That included everything from hanging lights, to hiring security, to leasing saddle horses and bringing in dirt for the arena.

Interestingly enough, they bring in about eight inches of dirt to cover the arena floor. Most of the time, that comes after there has been a basketball or hockey game on the arena’s floor or ice. 

Today, Robinson has a steady crew of 10-15 who put everything together and take it down. 

Since 1989, he’s used the same Ohio company to bring in and prepare the dirt and remove it after the show. The company also brings in dirt for indoor motor sport events. 

Robinson loves what he does, serving as “arena director” for the PBR for the last 25 years. 

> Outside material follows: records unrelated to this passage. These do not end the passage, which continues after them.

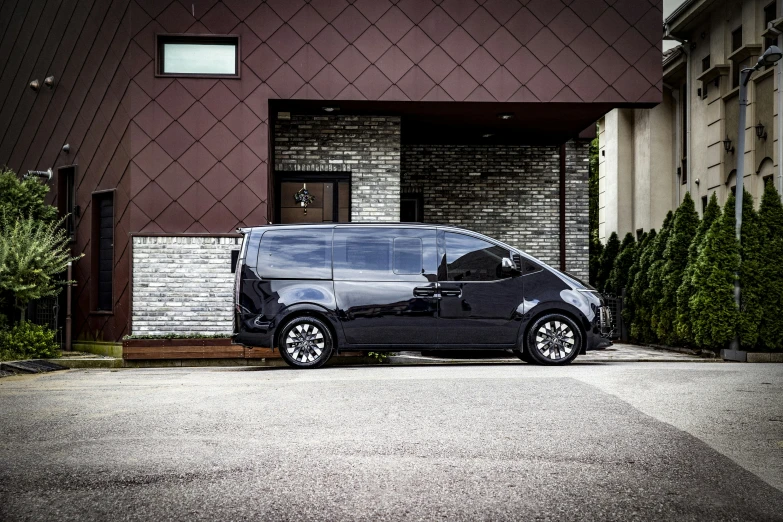 the small black van is parked in front of the house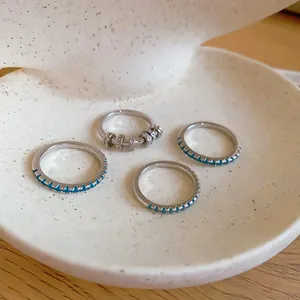 Close-up of four silver rings with mint green zircons and sparkling charms on a ceramic tray.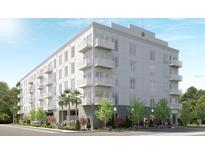 Modern apartment building with multiple balconies and landscaped grounds at 600 3Rd S Ave # 405, St Petersburg, FL 33701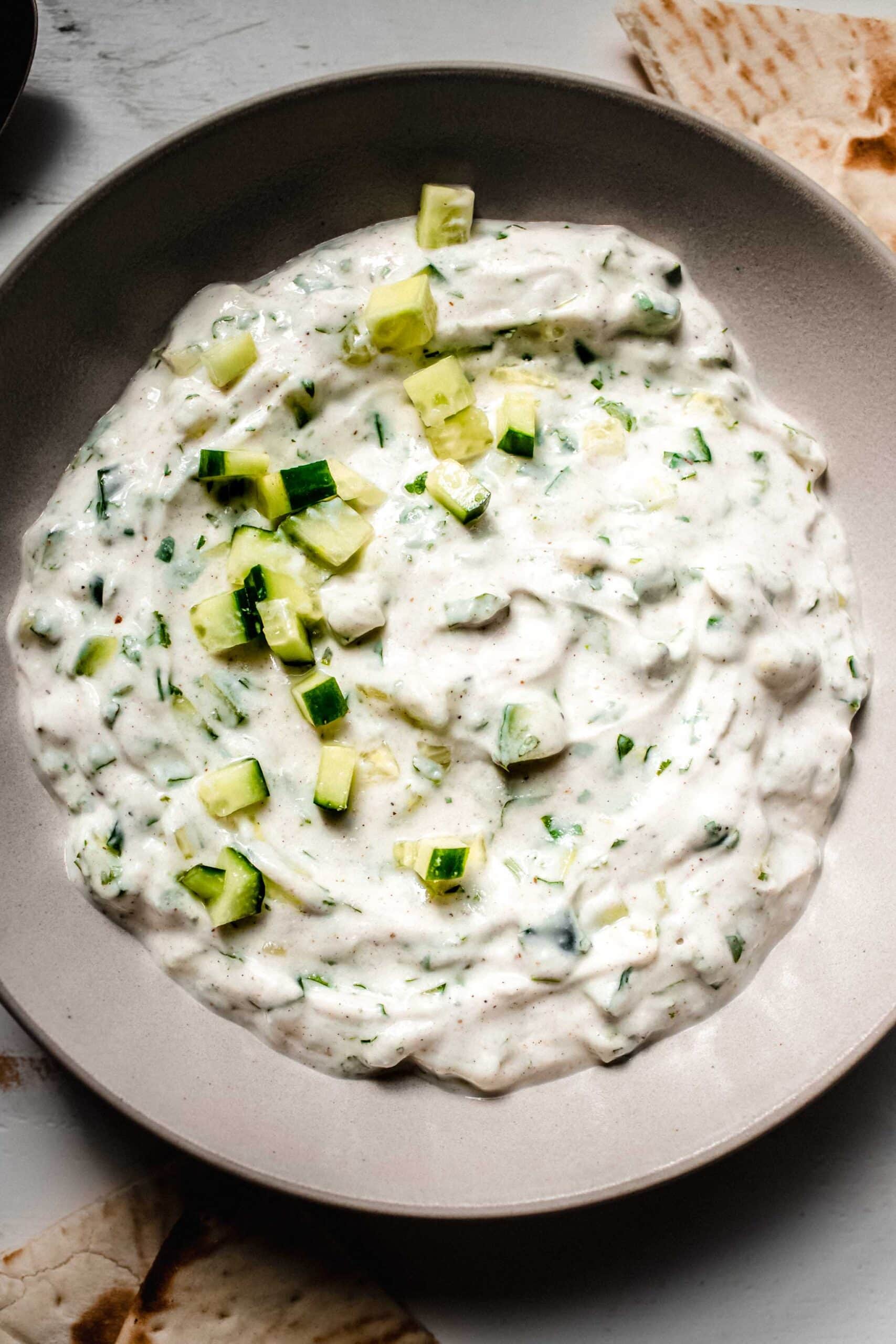 Overhead shot of prepared raita sauce in bowl next to pita pieces.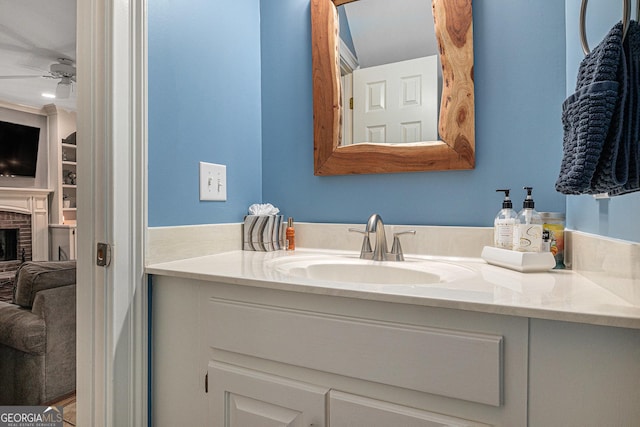bathroom with a ceiling fan, vanity, and a fireplace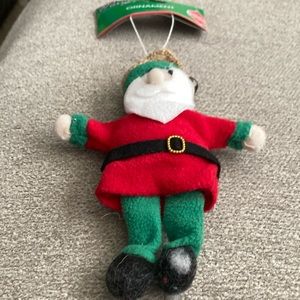 7 inch by 5.5 inch cloth Santa ornament with bell on cap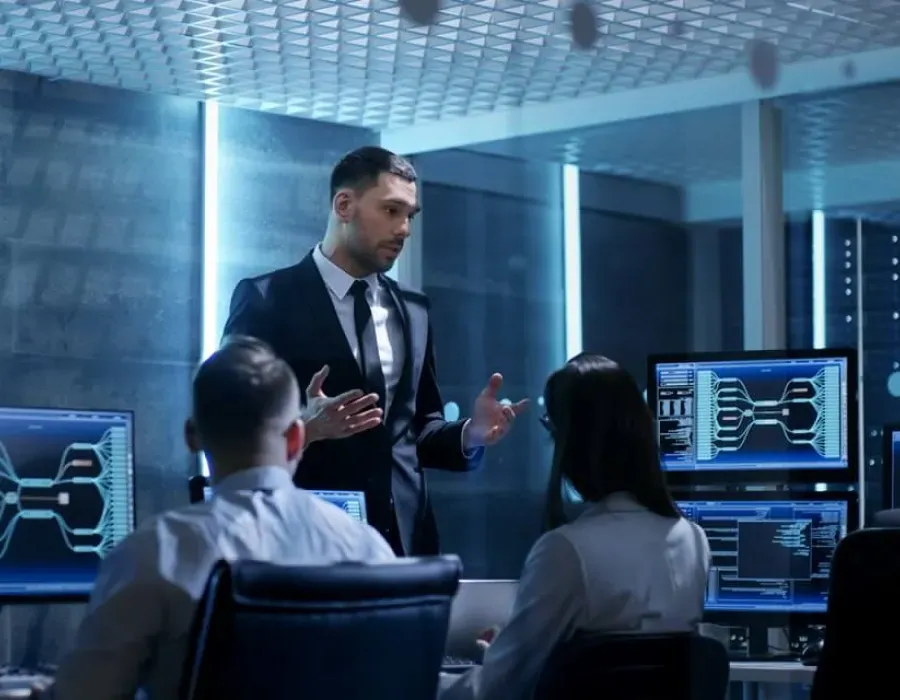 IT manager wearing a suit leading team meeting at desk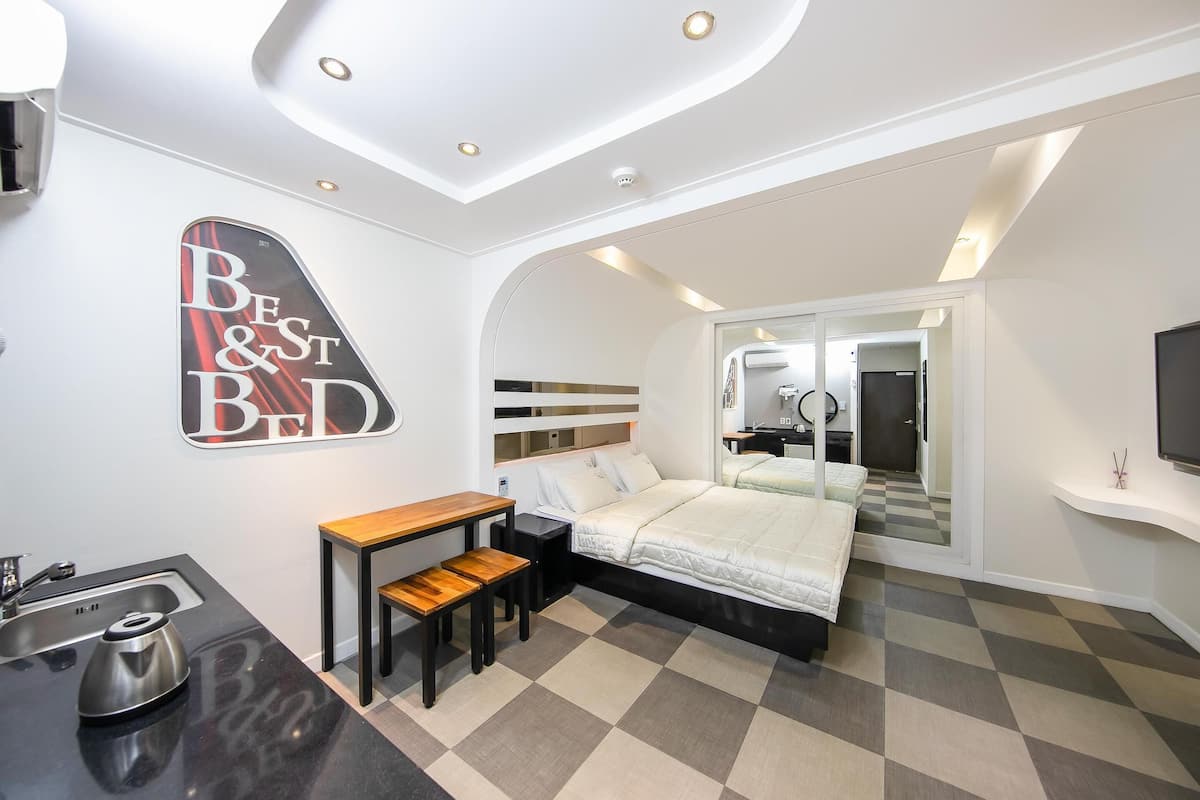 Une chambre d’hôtel moderne équipée d’un lit, d’un bureau, d’une petite table, d’un lavabo et d’un miroir.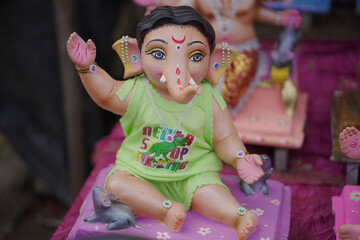 Lord Ganesha idol for Ganesh Chaturthi festival in India, Colorful Ganpati statue Stock Photo, Lord...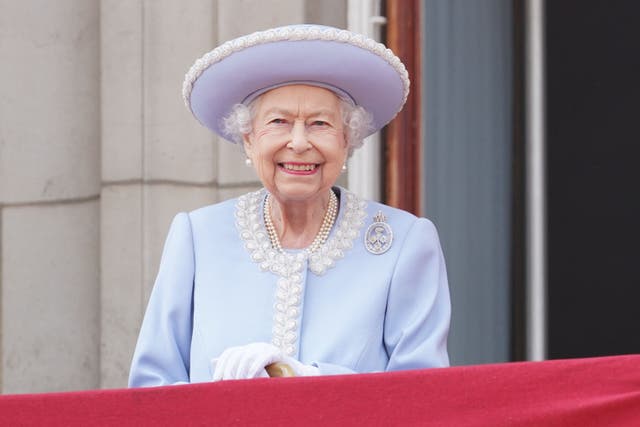 La reine Elizabeth II de Grande-Bretagne se tient sur le balcon du palais de Buckingham et les troupes défilent lors du défilé de l'anniversaire de la reine, la parade de la couleur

It has kept him close to the sport he loves so much. Even today, when a bull comes out of the chute, he visualizes in his mind what moves he’d make to ride that particular bull. 

Running the PBR productions also means a significant travel schedule. He said he’s usually home two to three days early in the week. 

He credits his wife, Dorya, for keeping things together at home during his career and for playing a big role in raising their grown daughter, Amy. 

A 1965 graduate of Venango, Robinson said he doesn’t get back to Grant and Perkins County much since his dad passed away in 2014, but his ties to the area, and the friends he made growing up, still remain key for him. 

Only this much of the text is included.